#### Directions:
Every entry in the following data should be output exactly.

>>>>>

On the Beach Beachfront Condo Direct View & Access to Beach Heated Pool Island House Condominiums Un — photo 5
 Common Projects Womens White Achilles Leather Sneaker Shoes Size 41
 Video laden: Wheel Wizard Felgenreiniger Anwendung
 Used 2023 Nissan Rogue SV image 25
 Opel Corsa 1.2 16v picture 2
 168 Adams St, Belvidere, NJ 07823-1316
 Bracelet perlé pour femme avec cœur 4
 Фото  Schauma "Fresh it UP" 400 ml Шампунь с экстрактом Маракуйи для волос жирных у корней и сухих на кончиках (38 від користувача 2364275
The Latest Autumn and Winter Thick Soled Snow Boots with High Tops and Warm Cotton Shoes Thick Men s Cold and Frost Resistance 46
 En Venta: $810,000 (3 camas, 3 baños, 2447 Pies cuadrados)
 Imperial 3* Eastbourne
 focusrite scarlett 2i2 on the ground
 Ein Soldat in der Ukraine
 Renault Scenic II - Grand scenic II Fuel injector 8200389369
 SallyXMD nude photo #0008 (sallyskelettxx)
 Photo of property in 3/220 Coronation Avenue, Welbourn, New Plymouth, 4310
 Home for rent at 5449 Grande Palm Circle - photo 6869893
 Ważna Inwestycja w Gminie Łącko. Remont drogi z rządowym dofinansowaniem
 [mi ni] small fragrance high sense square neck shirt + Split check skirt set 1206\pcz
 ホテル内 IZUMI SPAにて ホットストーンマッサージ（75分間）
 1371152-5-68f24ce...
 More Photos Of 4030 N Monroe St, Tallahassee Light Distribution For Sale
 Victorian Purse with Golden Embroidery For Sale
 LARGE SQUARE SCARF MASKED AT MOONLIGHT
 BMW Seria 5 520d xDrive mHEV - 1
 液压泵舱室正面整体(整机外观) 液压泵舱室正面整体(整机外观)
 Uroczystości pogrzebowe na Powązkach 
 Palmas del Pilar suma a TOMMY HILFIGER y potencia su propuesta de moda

<<<<<

#### Answer box:
On the Beach Beachfront Condo Direct View & Access to Beach Heated Pool Island House Condominiums Un — photo 5
 Common Projects Womens White Achilles Leather Sneaker Shoes Size 41
 Video laden: Wheel Wizard Felgenreiniger Anwendung
 Used 2023 Nissan Rogue SV image 25
 Opel Corsa 1.2 16v picture 2
 168 Adams St, Belvidere, NJ 07823-1316
 Bracelet perlé pour femme avec cœur 4
 Фото  Schauma "Fresh it UP" 400 ml Шампунь с экстрактом Маракуйи для волос жирных у корней и сухих на кончиках (38 від користувача 2364275
The Latest Autumn and Winter Thick Soled Snow Boots with High Tops and Warm Cotton Shoes Thick Men s Cold and Frost Resistance 46
 En Venta: $810,000 (3 camas, 3 baños, 2447 Pies cuadrados)
 Imperial 3* Eastbourne
 focusrite scarlett 2i2 on the ground
 Ein Soldat in der Ukraine
 Renault Scenic II - Grand scenic II Fuel injector 8200389369
 SallyXMD nude photo #0008 (sallyskelettxx)
 Photo of property in 3/220 Coronation Avenue, Welbourn, New Plymouth, 4310
 Home for rent at 5449 Grande Palm Circle - photo 6869893
 Ważna Inwestycja w Gminie Łącko. Remont drogi z rządowym dofinansowaniem
 [mi ni] small fragrance high sense square neck shirt + Split check skirt set 1206\pcz
 ホテル内 IZUMI SPAにて ホットストーンマッサージ（75分間）
 1371152-5-68f24ce...
 More Photos Of 4030 N Monroe St, Tallahassee Light Distribution For Sale
 Victorian Purse with Golden Embroidery For Sale
 LARGE SQUARE SCARF MASKED AT MOONLIGHT
 BMW Seria 5 520d xDrive mHEV - 1
 液压泵舱室正面整体(整机外观) 液压泵舱室正面整体(整机外观)
 Uroczystości pogrzebowe na Powązkach 
 Palmas del Pilar suma a TOMMY HILFIGER y potencia su propuesta de moda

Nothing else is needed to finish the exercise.